Any help would be appreciated! I've searched a bunch and can't seem to find an answer.


Solution

  • Within the webpage you have the "Print Sale List" button which display a new one that has all the information compiled in a single page (maybe at the time you post the question, the webpage didn't have that button).

    url<-'http://sheriff.franklincountyohio.gov/search/real-estate/printresults.aspx?q=searchType%3dSaleDate%26searchString%3d12%2f26%2f2014+12%3a00%3a00+AM%26foreclosureType%3d%26sortType%3ddefendant%26saleDateFrom%3d%26saleDateTo%3d'
    table<-readHTMLTable(url)
    table1<-as.data.frame(table)
    str(table1)
    'data.frame':   92 obs. of  8 variables:
     $ c_printsearchresults_gvResults.Case.Number         : Factor w/ 92 levels "07CV4653\r\n                        PLURIESBANKRUPTCY",..: 23 47 33 90 91 82 85 77 68 83 ...
     $ c_printsearchresults_gvResults.Property.Address    : Factor w/ 92 levels "1038\r\n                        \r\n                        \r\n                        S OHIO AVENUE\r\n                      "| __truncated__,..: 7 80 85 26 79 37 83 55 51 33 ...

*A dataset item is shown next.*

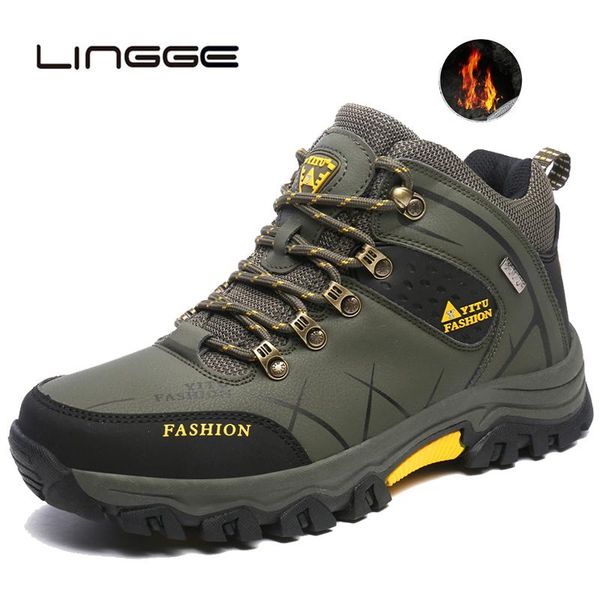 lingge men snow boots brand winter super warm men ankle boots waterproof sneakers outdoor male work shoes, Black
lingge men snow boots brand winter super warm men ankle boots waterproof sneakers outdoor male work shoes, Black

     $ c_printsearchresults_gvResults.Plaintiff...Attorney: Factor w/ 83 levels "Plaintiff:\r\n                        \r\n                        BAC HOME LOANS SERVICING LP FKA COUNTRYWIDE HOME LOANS SERVIC"| __truncated__,..: 5 31 80 74 49 14 73 52 39 41 ...
     $ c_printsearchresults_gvResults.Defendant           : Factor w/ 92 levels "ADEDEJI-FAJOBI/MODUPE/O",..: 1 2 3 4 5 6 7 8 9 10 ...

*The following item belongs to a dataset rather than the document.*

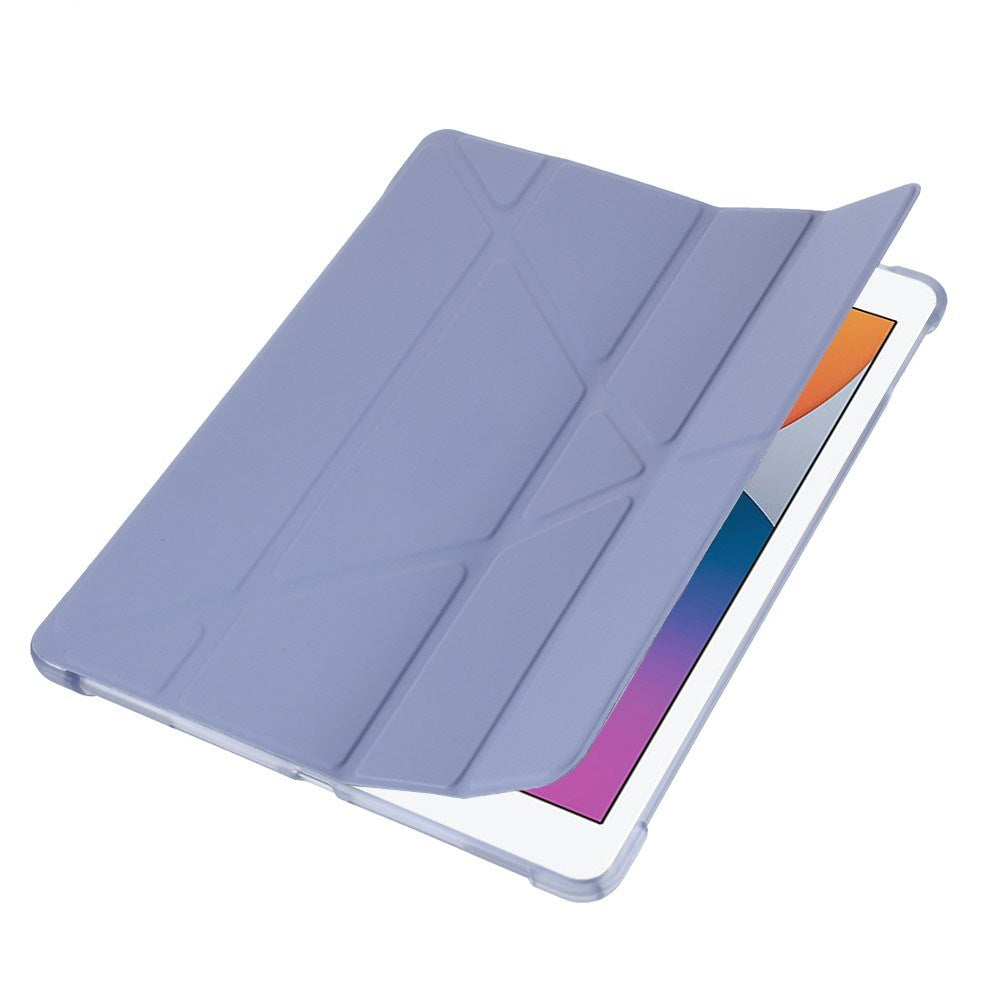 iPad 10.2" (2021 / 2020 / 2019) / iPad Pro 10.5 / iPad Air (2019) Case - Flexible Origami Case - Purple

     $ c_printsearchresults_gvResults.Appraised           : Factor w/ 59 levels "$10,268.33","$10,988.28",..: 48 20 18 10 25 6 41 58 35 15 ...

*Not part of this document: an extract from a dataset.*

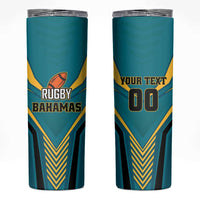 Custom Rugby Bahamas Skinny Tumbler The Bahamas Go Champion - Wonder Print Shop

     $ c_printsearchresults_gvResults.Opening.Bid         : Factor w/ 63 levels "$10,268.33","$10,988.28",..: 38 5 4 52 11 51 29 45 23 63 ...
     $ c_printsearchresults_gvResults.Deposit             : Factor w/ 61 levels "$1,200.00","$10,268.33",..: 49 20 18 53 26 7 42 58 28 16 ...
     $ c_printsearchresults_gvResults.Sale.Date           : Factor w/ 1 level "12/26/2014": 1 1 1 1 1 1 1 1 1 1 ...
    

    If you want to remove or separate the data in more columns, you can use regular expressions.